Artículo laboral

Alta dirección: pactos laborales que merecen una redacción precisa.

En alta dirección, una cláusula ambigua rara vez queda en el papel. Suele aparecer en el momento más delicado: la salida, el conflicto, la reclamación de bonus o la activación de un pacto de no competencia.

Definir la relación antes de firmar

El contrato de alta dirección debe reflejar con precisión el alcance real de la posición. No basta con nombrar el cargo. Conviene definir funciones, dependencia, autonomía, objetivos, sistema retributivo, poderes, periodo de prueba si procede y régimen aplicable a la extinción. Cuando el documento no coincide con la realidad, la discusión futura se desplaza hacia la naturaleza de la relación y no hacia el fondo del conflicto.

Esta precisión interesa tanto a la empresa como al directivo. La empresa gana previsibilidad; el directivo entiende qué se espera de su posición y qué garantías tiene en escenarios de cambio. Un contrato claro reduce zonas grises y facilita una salida ordenada si la relación termina.

Bonus, variable y objetivos

La retribución variable exige especial cuidado. Debe quedar claro qué objetivos se valoran, quién los fija, cómo se miden, cuándo se devenga el bonus y qué ocurre si la relación termina antes del pago. Las cláusulas que remiten genéricamente a criterios futuros o a pautas internas no documentadas generan litigios previsibles.

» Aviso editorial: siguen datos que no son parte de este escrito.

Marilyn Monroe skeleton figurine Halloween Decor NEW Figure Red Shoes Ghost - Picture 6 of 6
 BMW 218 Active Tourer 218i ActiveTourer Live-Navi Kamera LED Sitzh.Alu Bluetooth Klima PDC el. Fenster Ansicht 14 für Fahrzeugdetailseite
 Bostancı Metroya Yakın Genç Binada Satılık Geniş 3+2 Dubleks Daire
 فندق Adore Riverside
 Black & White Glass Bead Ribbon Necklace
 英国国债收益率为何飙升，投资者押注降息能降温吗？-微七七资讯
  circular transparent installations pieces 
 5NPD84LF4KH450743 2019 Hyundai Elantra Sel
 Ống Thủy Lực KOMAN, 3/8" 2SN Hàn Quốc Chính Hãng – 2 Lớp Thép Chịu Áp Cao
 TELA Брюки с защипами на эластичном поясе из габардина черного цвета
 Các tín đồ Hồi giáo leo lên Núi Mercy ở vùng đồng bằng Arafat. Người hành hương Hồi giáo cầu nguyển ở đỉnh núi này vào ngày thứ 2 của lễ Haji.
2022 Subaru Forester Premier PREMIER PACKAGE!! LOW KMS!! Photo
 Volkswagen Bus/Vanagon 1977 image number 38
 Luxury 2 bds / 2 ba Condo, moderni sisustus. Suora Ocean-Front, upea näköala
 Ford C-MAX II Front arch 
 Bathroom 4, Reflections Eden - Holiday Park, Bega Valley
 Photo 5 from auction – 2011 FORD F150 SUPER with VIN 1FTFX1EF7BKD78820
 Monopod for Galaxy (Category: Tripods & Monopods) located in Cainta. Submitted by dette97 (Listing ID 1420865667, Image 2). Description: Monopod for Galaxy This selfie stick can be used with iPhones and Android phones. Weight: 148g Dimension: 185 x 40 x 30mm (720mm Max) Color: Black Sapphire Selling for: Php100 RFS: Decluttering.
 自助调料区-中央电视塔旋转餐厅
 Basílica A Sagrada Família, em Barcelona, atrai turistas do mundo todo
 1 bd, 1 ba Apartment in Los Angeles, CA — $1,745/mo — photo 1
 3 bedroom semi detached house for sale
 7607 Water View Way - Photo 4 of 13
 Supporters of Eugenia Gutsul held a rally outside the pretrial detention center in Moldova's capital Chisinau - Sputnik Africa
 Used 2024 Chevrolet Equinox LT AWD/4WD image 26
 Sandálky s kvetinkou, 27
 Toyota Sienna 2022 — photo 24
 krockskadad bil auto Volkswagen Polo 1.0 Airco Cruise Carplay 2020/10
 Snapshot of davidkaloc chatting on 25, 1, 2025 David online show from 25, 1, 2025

También conviene distinguir entre bonus discrecional, bonus vinculado a resultados y compromisos económicos consolidados. En alta dirección, la cuantía suele justificar una negociación técnica desde el inicio, porque cada palabra puede tener impacto económico relevante.

La documentación anual de objetivos es tan importante como la cláusula contractual. Si los objetivos se comunican tarde, se modifican sin trazabilidad o no se miden con parámetros verificables, la empresa pierde capacidad de defensa y el directivo gana espacio para reclamar. Un sistema de variable serio necesita calendario, métricas, órgano de evaluación y reglas para escenarios de cambio.

Blindajes, preavisos y pactos de permanencia

Los blindajes y pactos de permanencia pueden ser instrumentos útiles, pero deben estar conectados con una lógica clara: protección de inversión, estabilidad en un proyecto, confidencialidad o continuidad empresarial. Si se redactan de forma automática, pueden ser discutidos o generar incentivos contrarios al objetivo inicial.

El preaviso merece la misma atención. En posiciones directivas, una salida abrupta puede afectar a equipos, clientes, información sensible y continuidad de negocio. Por eso la cláusula debe equilibrar flexibilidad, protección y consecuencias económicas.

Confidencialidad y no competencia

Los pactos de confidencialidad y no competencia no deben tratarse como anexos decorativos. La información a proteger, la duración, la compensación, el ámbito material y las consecuencias del incumplimiento deben ser proporcionales y comprensibles. Una cláusula demasiado amplia puede ser difícil de defender; una demasiado genérica puede no proteger lo necesario.

Antes de firmar, es útil preguntarse qué riesgo concreto se quiere evitar y qué restricción resulta razonable para conseguirlo. La respuesta cambia según sector, acceso a información estratégica, posición real y mercado.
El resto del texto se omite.